* DATA SECTION
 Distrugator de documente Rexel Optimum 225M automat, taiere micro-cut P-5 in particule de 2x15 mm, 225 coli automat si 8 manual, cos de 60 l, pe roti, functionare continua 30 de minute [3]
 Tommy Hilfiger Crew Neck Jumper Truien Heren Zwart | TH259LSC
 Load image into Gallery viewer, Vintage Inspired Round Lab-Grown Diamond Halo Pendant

...

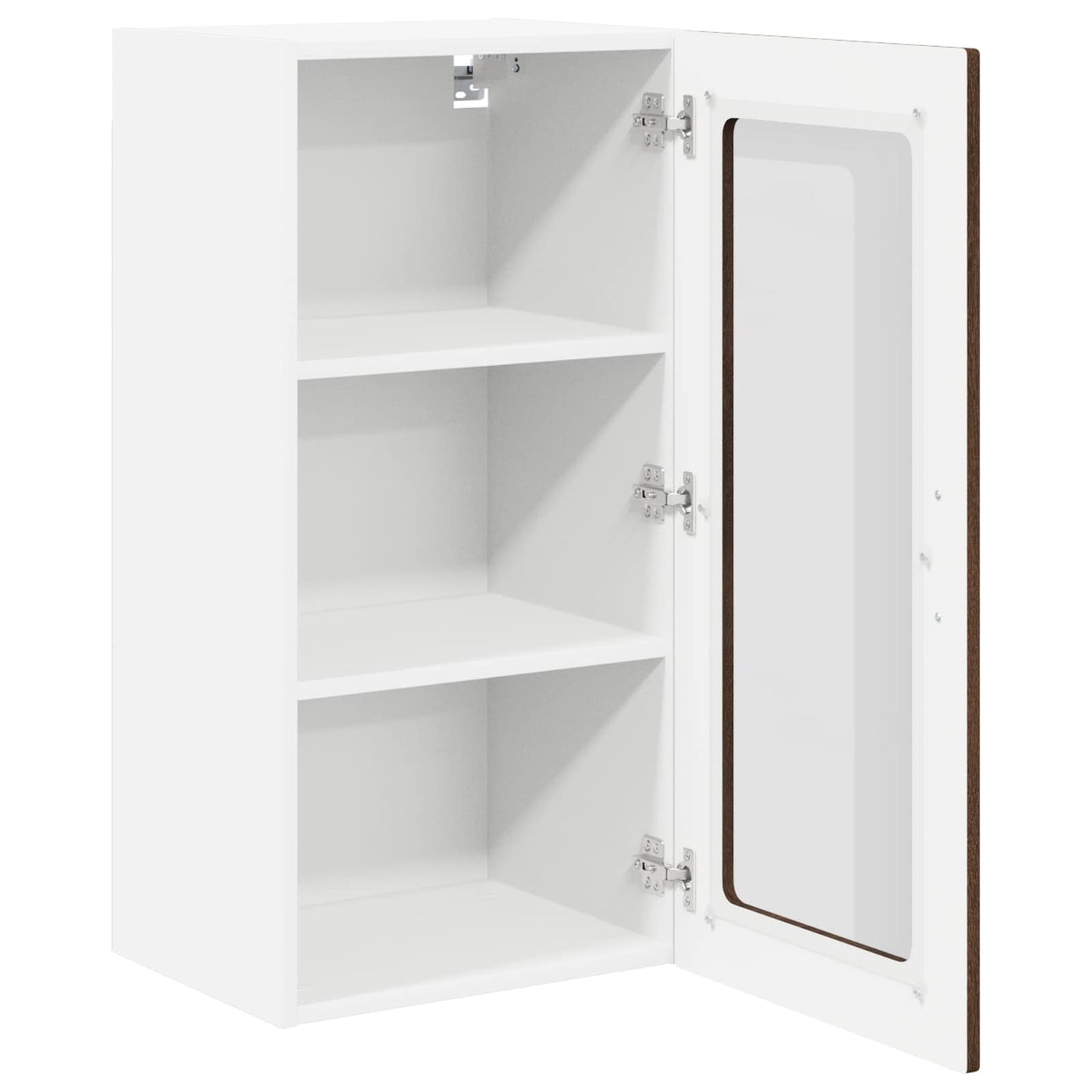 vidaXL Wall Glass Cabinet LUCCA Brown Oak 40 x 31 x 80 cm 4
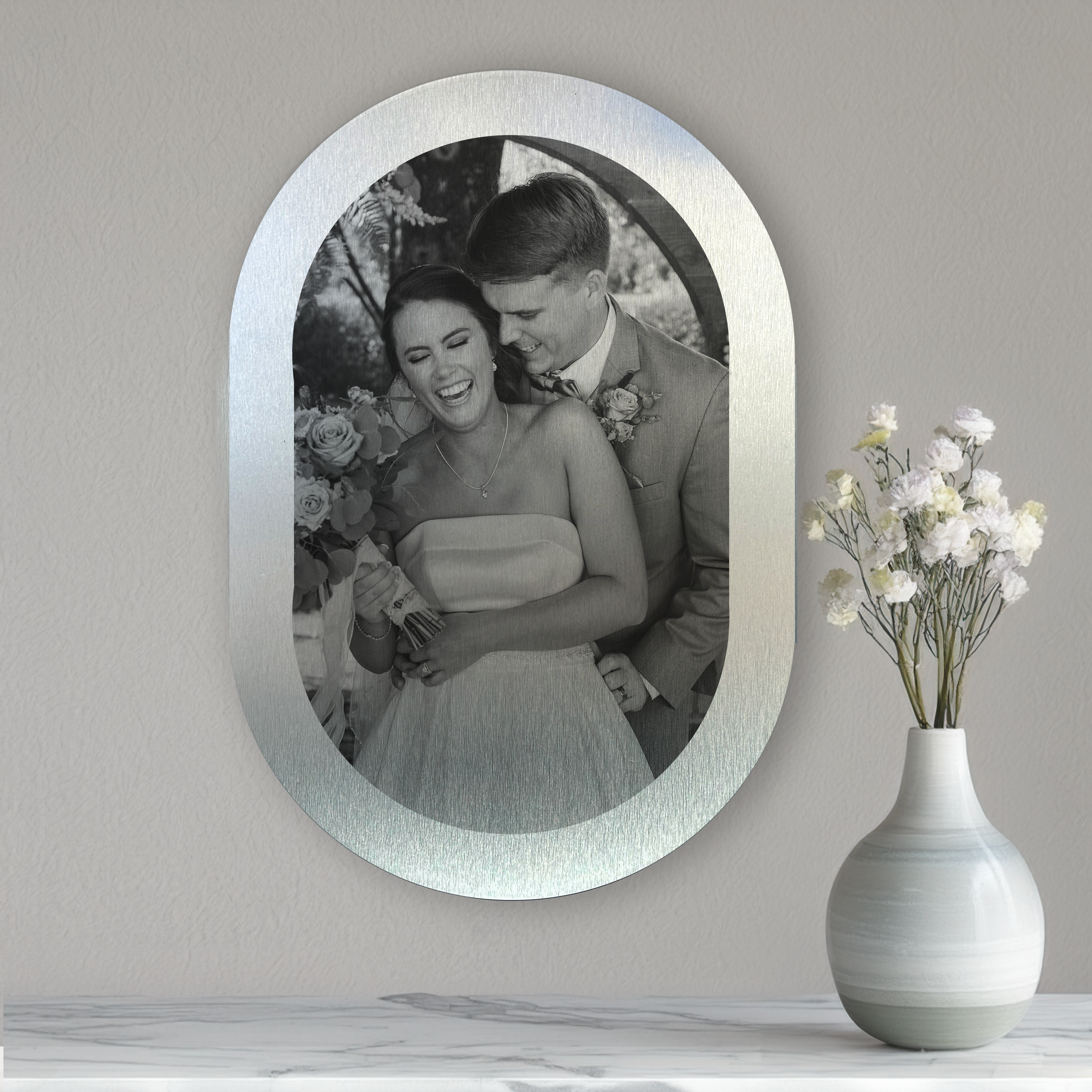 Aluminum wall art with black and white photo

* WHAT YOU NEED TO DO
Please return only the lines above, starting at the line that has "Distrugator de documente" and ending at the line that has "Load image into", keeping both and leaving each one unchanged.

* REPLY
 Distrugator de documente Rexel Optimum 225M automat, taiere micro-cut P-5 in particule de 2x15 mm, 225 coli automat si 8 manual, cos de 60 l, pe roti, functionare continua 30 de minute [3]
 Tommy Hilfiger Crew Neck Jumper Truien Heren Zwart | TH259LSC
 Load image into Gallery viewer, Vintage Inspired Round Lab-Grown Diamond Halo Pendant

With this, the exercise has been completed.